Scraped caption text data:
——

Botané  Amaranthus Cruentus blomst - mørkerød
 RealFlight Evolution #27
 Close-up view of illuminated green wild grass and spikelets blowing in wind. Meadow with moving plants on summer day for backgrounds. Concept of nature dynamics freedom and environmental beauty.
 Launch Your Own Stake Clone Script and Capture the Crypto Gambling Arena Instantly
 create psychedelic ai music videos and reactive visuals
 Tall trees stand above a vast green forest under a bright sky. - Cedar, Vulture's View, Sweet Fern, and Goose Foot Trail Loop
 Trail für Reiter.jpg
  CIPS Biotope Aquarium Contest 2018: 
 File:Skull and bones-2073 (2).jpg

——

TASK ITEM: Would you output, unchanged, each line from the start of the records to the line that holds "Trail für Reiter.jpg", both included and nothing else?

RESPONSE TO THE EXERCISE:
Botané  Amaranthus Cruentus blomst - mørkerød
 RealFlight Evolution #27
 Close-up view of illuminated green wild grass and spikelets blowing in wind. Meadow with moving plants on summer day for backgrounds. Concept of nature dynamics freedom and environmental beauty.
 Launch Your Own Stake Clone Script and Capture the Crypto Gambling Arena Instantly
 create psychedelic ai music videos and reactive visuals
 Tall trees stand above a vast green forest under a bright sky. - Cedar, Vulture's View, Sweet Fern, and Goose Foot Trail Loop
 Trail für Reiter.jpg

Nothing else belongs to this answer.